В целом же за пределами структур, ориентирующихся на радикальные круги около Русской православной церкви и Минобороны, прямое оправдание коррупции в ее текущем виде — редкость. Мы можем даже с уверенностью говорить, что значительная часть коррупционеров объясняет свою вовлеченность в коррупционные сети стечением обстоятельств и особенностями политического режима и правил игры, но не собственной инициативой. Не то чтобы вдали от коррупционной нивы высокопоставленные российские коррупционеры предавались самобичеванию и безуспешным попыткам найти в себе силы избежать гибельного соблазна. Тем не менее некоторая разорванность сознания и отсутствие целостной картины мира, которая обязывала бы существовать коррупцию в России именно в той форме, в которой она видится, подтверждаются десятками наблюдений.
С точки зрения самих участников процесса, их участие в коррупционных сетях так или иначе временное явление, и в постоянном режиме их бизнес, как правило, видится не легализованным через конституирование коррупции, а легальным в рамках существующих законов. Кстати, системное переписывание законодательства под явно коррупционные нужды — это тренд лишь последних лет, до этого большинство операций по коррупционно обусловленной правке законодательства заключалось в точечных и легко обратимых правках законов, как вариант — в принятии пакета антикоррупционного законодательства с точечными изъятиями в пользу существующих коррупционных практик. Для культурной укорененной коррупции такое поведение законодателей, видимо, должно быть нехарактерным — особенно если учесть, что законодатель в России ни здравым смыслом, ни общественным мнением не ограничен и в силу этого создавать максимально, а не минимально и не оптимально удобную себе законодательную рамку о коррупции способен без больших затрат.
И если в самой сильно пораженной коррупцией элите культурные корни прослеживаются с трудом, то в широких слоях населения поддержка верховой коррупции практически отсутствует. Это очевидно даже из опросов социологов, ограниченных политически в исследованиях по этой тематике начиная с 2000-х гг. Коррупция в общем смысле всегда признавалась в России любыми общественными опросами одной из главных национальных проблем, тогда как «позитивные» следствия коррупции в качестве чего-то хорошего почти не упоминаются.
В любом обществе, в котором коррупция имеет глубокие исторические и культурные корни, лобовой подход, а именно ориентация на жесткие репрессии и максимально жестокое уголовное преследование вовлеченных в коррупционные сети, по крайней мере немалой частью общества не поддерживается.
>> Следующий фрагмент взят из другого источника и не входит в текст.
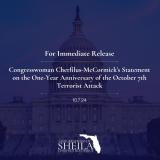 Graphic stating "For Immediate Released: Congresswoman Cherfilus-McCormick's Statement on the One-Year Anniversary of the October 7th Terrorist Attack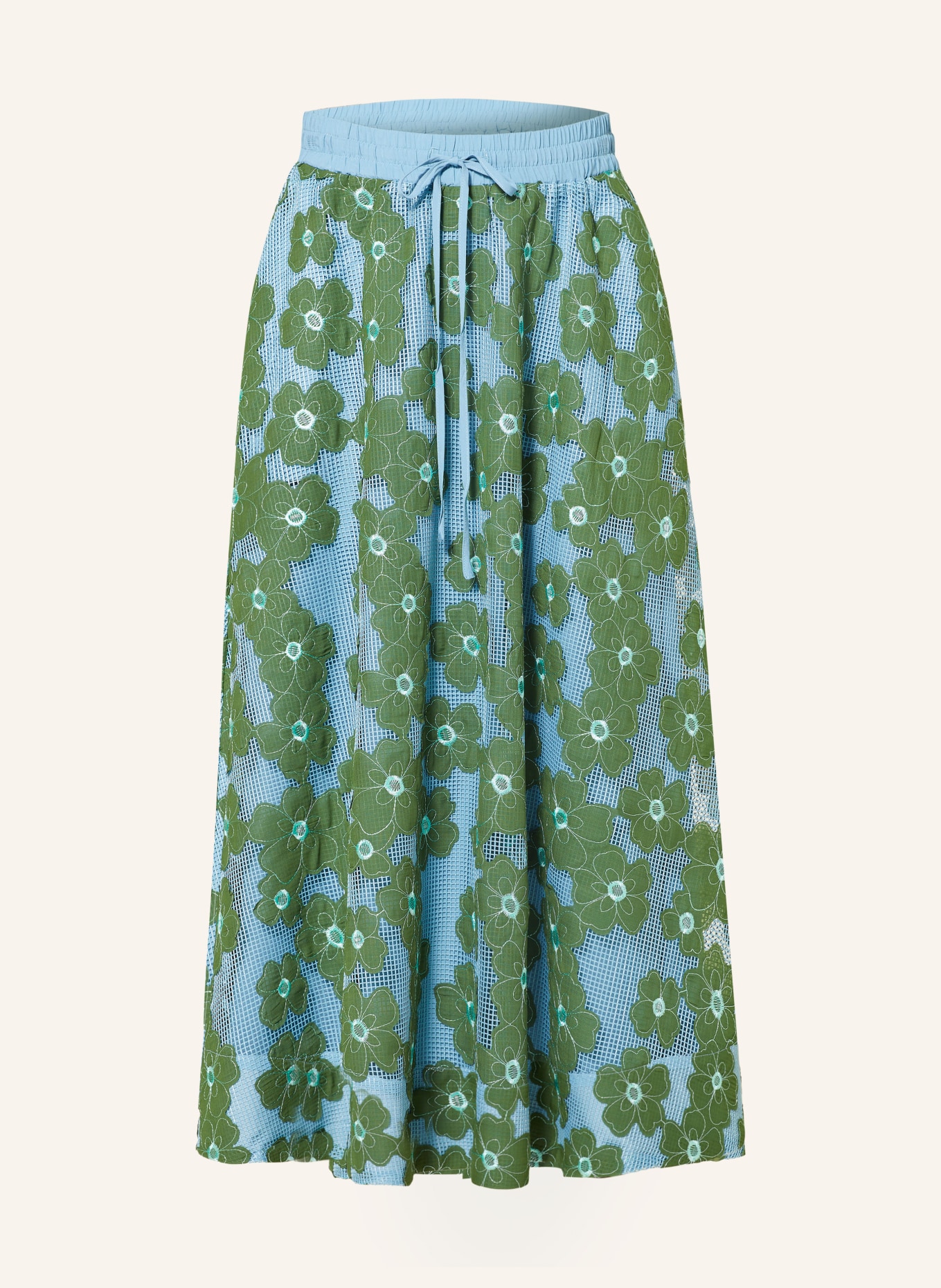 ESSENTIEL ANTWERP Mesh skirt, Color: BLUE/ GREEN (Image 1)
В России же тезис «от коррупции спасают только массовые расстрелы» явно имеет большую популярность даже в сравнении с не менее популярным «коррупцию следует лечить экономическими способами» (на практике за этой сентенцией также стоит исключительно репрессивная логика, а не оправдание коррупции).
Наконец, видимо, одним из самых значимых аргументов в пользу культурной неукорененности российской коррупции в ее современном виде является неоспоримая социальная изоляция и самоизоляция непосредственных участников коррупции. Де-факто прямые крупные бенефициары российской коррупции живут в социальном гетто — да, эта клетка сделана из золота, но от этого она клеткой быть не перестает. Культурно лица, вовлеченные в российскую коррупцию, уже зачастую очень сильно отдалены от основной части населения — в любом измерении, начиная от бытовых вкусов и привычек и заканчивая культурными ценностями, для большей части населения экзотическими. Пользуясь находкой писателя Александра Терехова, современное российское коррумпированное чиновничество и их прямая клиентела — это современные «немцы» времен Петра, а Рублевка и Остоженка — что-то вроде новой Кукуевой слободы, территории с особыми законами, особым правом и даже особым языком. В дорогом московском ресторане некрупные коррупционные сделки, как правило, обсуждают, не таясь, открыто — если нет опасности быть услышанными конкурентами, то опасности быть понятыми случайным посетителем нет априори, ибо с обсуждаемой реальностью он не сталкивается и смысла обсуждаемого просто не поймет: так же русские обсуждают свои дела на русском языке за границей, будучи уверенными в том, что никому не помешают.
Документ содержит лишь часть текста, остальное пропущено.